La facture des ruptures conventionnelles s’alourdit pour l’assurance chômage

Image d'illustration. Une lettre de démission ?ADN
Le montant total versé par l’assurance chômage au titre des ruptures conventionnelles ne cesse d’augmenter ces dernières années, en raison de la popularité croissante de ce dispositif pour mettre fin à un contrat de travail.
Tl;dr
- La rupture conventionnelle remplace massivement les démissions.
- Hausse des dépenses pour l’assurance chômage.
- Débat politique sur son avenir et ses dérives.
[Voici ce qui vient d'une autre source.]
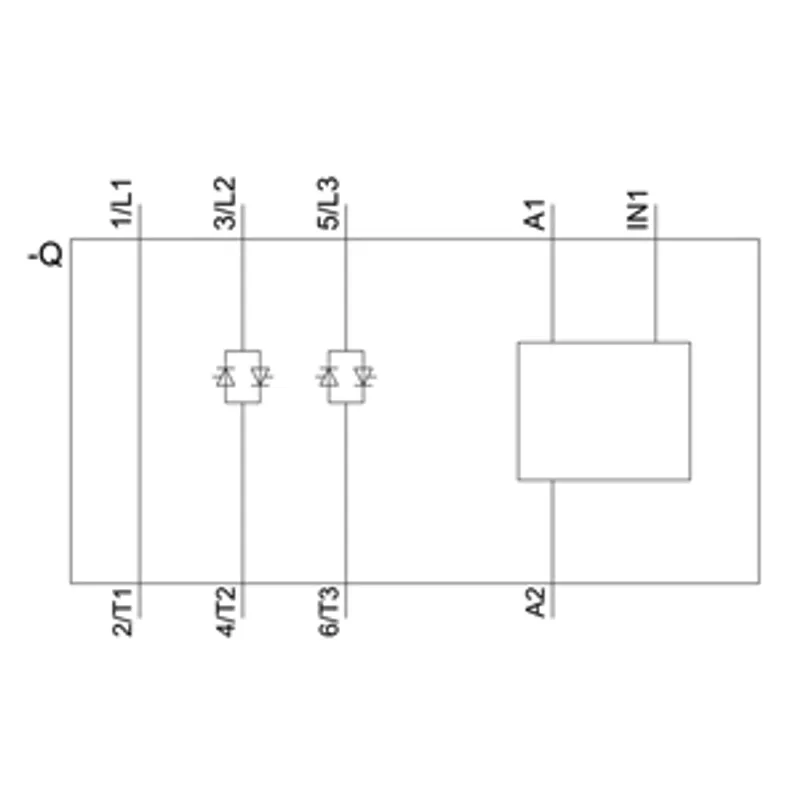 Siemens 3RW3003-2CB54 — photo 6 of 6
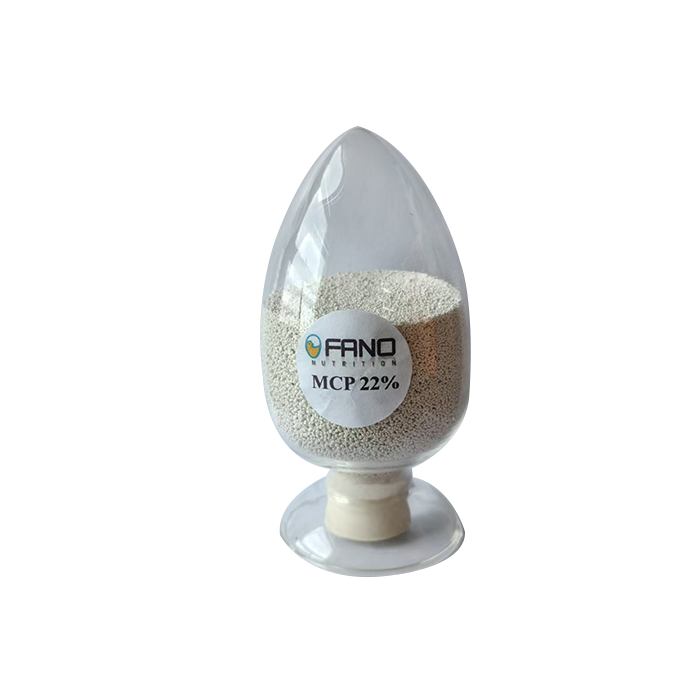 MCP 22% feed grade monocalcium phosphate
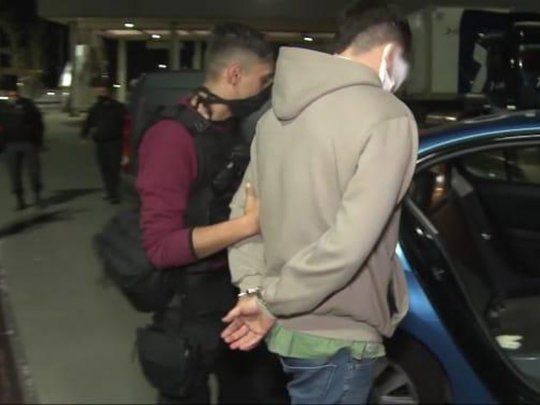 El&nbsp;Ministerio de Seguridad&nbsp;de la Naci&oacute;n se&ntilde;al&oacute; que&nbsp;el ascenso del delito en el &uacute;ltimo mes despierta preocupaci&oacute;n pero se trabaja junto a las provincias en tareas de prevenci&oacute;n.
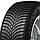 Всесезонні шини Goodyear Vector 4 Seasons Gen-3 225/60 ZR18 104W XL, фото 5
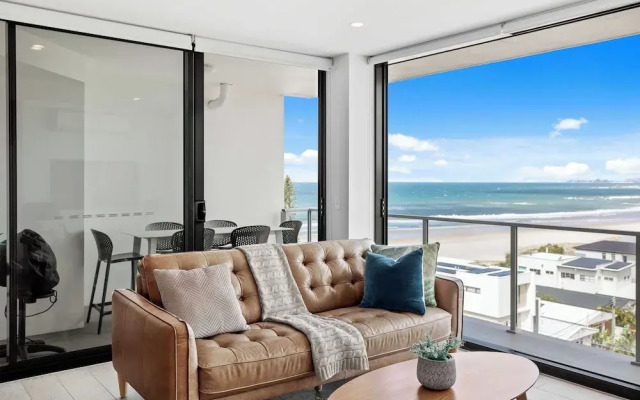 Ocean View Luxury in Periscope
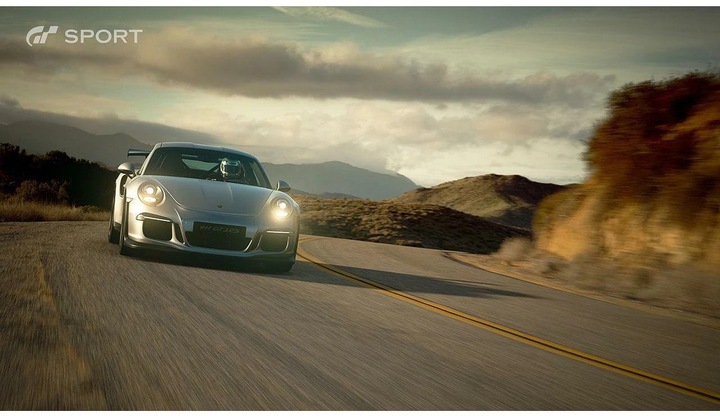 Immagine prodotto Sony PlayStation Hits: Gran Turismo Sport (PS4, Multilingue)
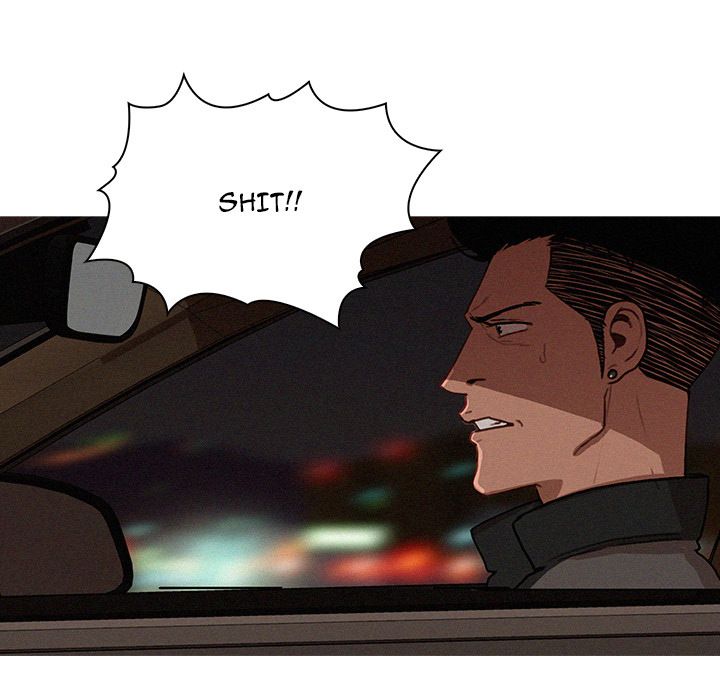 Paradise Lost Manhwa - Chapter 13 Page 34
Un dispositif qui change la donne
Depuis son instauration en 2008, la rupture conventionnelle a bouleversé les modalités de séparation entre salariés et employeurs. Loin d’être anodine, cette procédure née d’un accord commun a su séduire de nombreux actifs, au point de redessiner le paysage du marché du travail français. Aujourd’hui, les regards se tournent vers les conclusions sans appel d’une récente étude publiée par l’Institut des politiques publiques (IPP), qui éclaire les conséquences de ce mécanisme sur le recours au chômage.
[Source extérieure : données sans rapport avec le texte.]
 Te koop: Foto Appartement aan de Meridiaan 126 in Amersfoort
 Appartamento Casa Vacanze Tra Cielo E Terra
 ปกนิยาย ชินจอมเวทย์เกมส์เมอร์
L’impact sur le marché du travail
L’analyse menée par l’IPP révèle un glissement notable : l’introduction de la rupture conventionnelle s’est traduite par une baisse de 19 % des démissions sur la période allant de 2003-2006 à 2012-2014. Autrement dit, pour beaucoup, ce mode de départ a remplacé la démission classique, ouvrant ainsi l’accès à des droits élargis à l’assurance chômage. Les chiffres avancés sont frappants : « 80 à 95 % des salariés ayant signé une rupture conventionnelle perçoivent des allocations chômage », précisent les chercheurs. De plus, « environ 80 % sont encore en recherche d’emploi vingt jours après leur rupture », signe que ce n’est pas un simple tremplin vers un autre poste, mais bel et bien un basculement vers le statut de chômeur indemnisé.
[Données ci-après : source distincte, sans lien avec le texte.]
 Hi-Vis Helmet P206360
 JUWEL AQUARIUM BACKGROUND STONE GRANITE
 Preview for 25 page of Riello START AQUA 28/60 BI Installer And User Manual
Polémiques et enjeux financiers croissants
La montée en puissance du dispositif ne va pas sans questionnement. Le ministre du Travail, Jean-Pierre Farandou, s’inquiète ouvertement des dérives possibles, évoquant ceux qui considèrent la rupture conventionnelle comme « un droit de tirage du chômage ». Il appelle désormais « les partenaires sociaux » à une réévaluation franche du système. Face à lui, la CFDT monte au créneau pour défendre l’esprit originel de la mesure. Comme le rappelle Patricia Ferrand, vice-présidente de l’Unédic, « la rupture conventionnelle n’a pas été créée pour soi-disant faire plaisir aux uns et aux autres », insistant sur le fait qu’elle repose avant tout sur un « commun accord ».
À y regarder de plus près, seuls 12 % des ruptures conventionnelles remplaceraient des licenciements pour motif personnel. En pratique, la majorité des situations conflictuelles échappent à toute issue amiable. Pourtant, leur coût demeure élevé : selon l’Unédic, elles représentent aujourd’hui le premier poste de dépense de l’assurance chômage (28 % du total), avec une proportion marquée chez les cadres.
L’avenir du dispositif en question
Face à ces constats chiffrés et aux réactions contrastées des acteurs sociaux et politiques, une question persiste : comment concilier souplesse pour les salariés et soutenabilité financière pour le régime d’assurance chômage ? La réponse dépendra sans doute des arbitrages attendus lors de la future renégociation de la convention prévue fin 2024.